Related research and commentary:
- Podcast: China's Emerging Policies for Emissions Reductions, with Dick Morgenstern
- Working paper: China’s Unconventional Nationwide CO₂ Emissions Trading System: The Wide-Ranging Impacts of an Implicit Output Subsidy
- Blog: Climate in the Democratic Debate, China’s Carbon Trading Breakthrough, and More
How will carbon pricing policies that affect the electric grid impact employment and economic growth?
Last month, a coalition of energy industry groups—including electric power generators, trade associations, and think tanks—called on the Federal Energy Regulatory Commission (FERC) to organize a conference about integrating carbon pricing into energy market operations. This week, a group of Democratic senators endorsed the coalition’s requests for further guidance, touting findings from the New York Independent System Operator (NYISO) that a carbon price “could help the state reach its stated climate policy goals, while bringing in billions in economic benefits.” The push for FERC to streamline the implementation of carbon pricing comes as coalitions like the Regional Greenhouse Gas Initiative grow, and as grid operators like the NYISO and the New England ISO float carbon prices of their own. But even as carbon pricing expands, grid operators have struggled amid the “transcontinental patchwork” of subnational policies and coalitions, and uncertainty persists over how carbon pricing efforts might impact clean energy, economic growth, and jobs.
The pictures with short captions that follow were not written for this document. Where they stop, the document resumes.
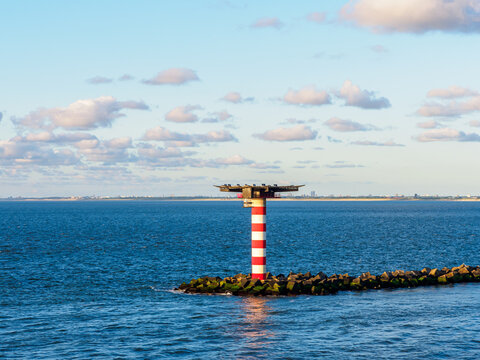 Port Entrance Nieuwe Waterweg, Rotterdam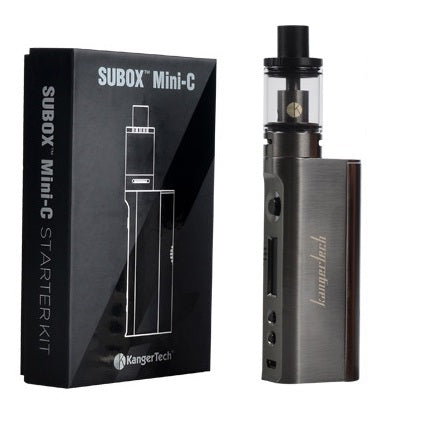 Original Kanger Kangertech Subox Mini-C Starter Kit 50W Box Mod Vape Electronic Cigarette Protank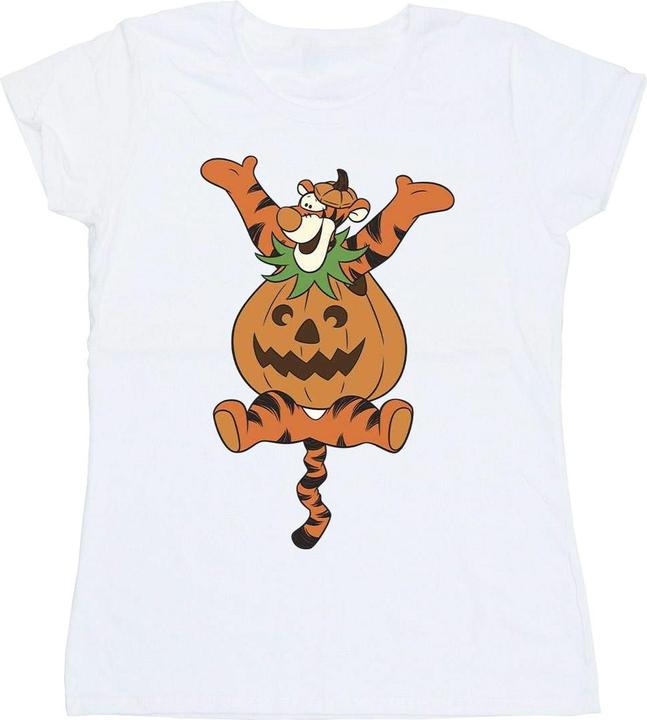 Immagine prodotto Winnie the Pooh Maglietta Tigro Zucca Donna (L)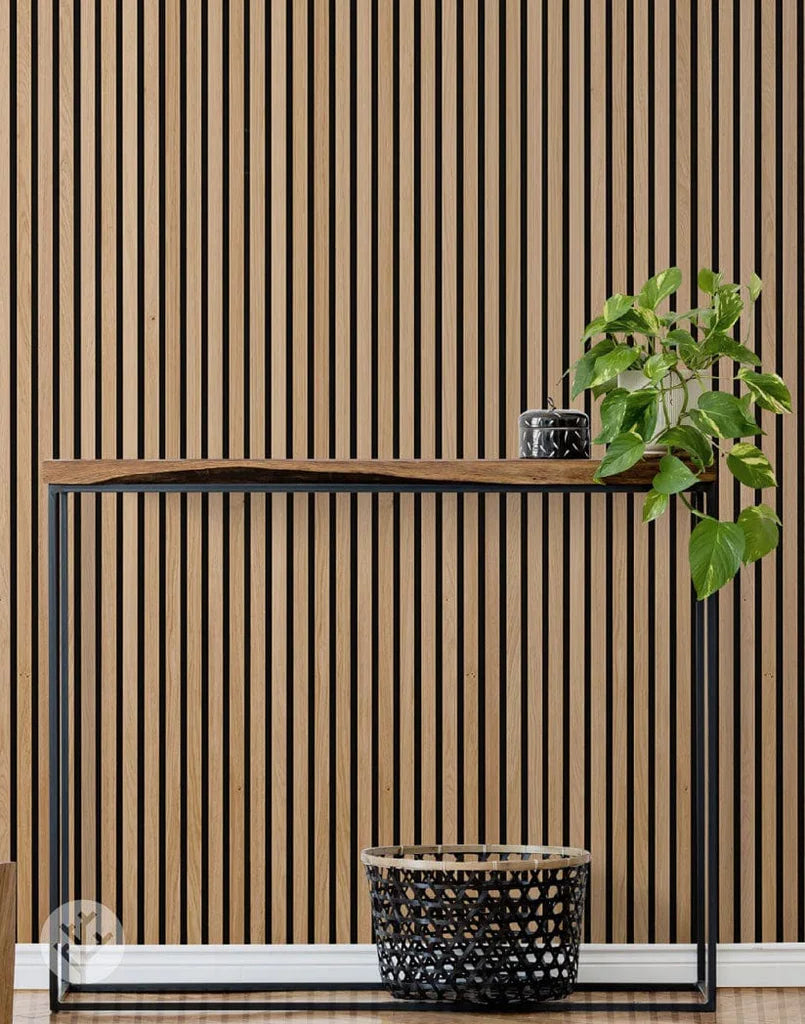 Light Oak Acoustic Wood Panel (8ft)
Opponents of carbon pricing often argue that carbon pricing policies, by reducing incentives to produce fossil fuels, lead to substantial job losses in fossil fuel industries. But according to a new explainer from RFF’s Marc Hafstead and Lauren Dunlap, the impacts of carbon pricing on employment are considerably more nuanced. Rather than prompting a decline in overall jobs, carbon pricing causes a reallocation of employment, typically to non-polluting industries and to locally operated businesses. “While carbon pricing is often derided as a ‘job killing’ policy approach, economic research suggests most job losses in affected industries are offset by job gains in other industries,” they write. Still, they caution that further research into the geography of job losses and the quality of jobs created to replace lost positions is necessary to understand the full implications of a carbon price. For more, consult other explainers in RFF’s ongoing carbon pricing explainer series.
Related research and commentary:
- Explainer: Carbon Pricing 106: Effects on Employment
- Report: State Policy Options to Price Carbon from Electricity
- Podcast: Carbon Pricing Proposals in Today's Congress, with Marc Hafstead
Correction: The original version of this article stated that renewable energy capacity will decline for the first time in 20 years. In fact, it is the growth in renewable energy capacity that will decline for the first time in 20 years.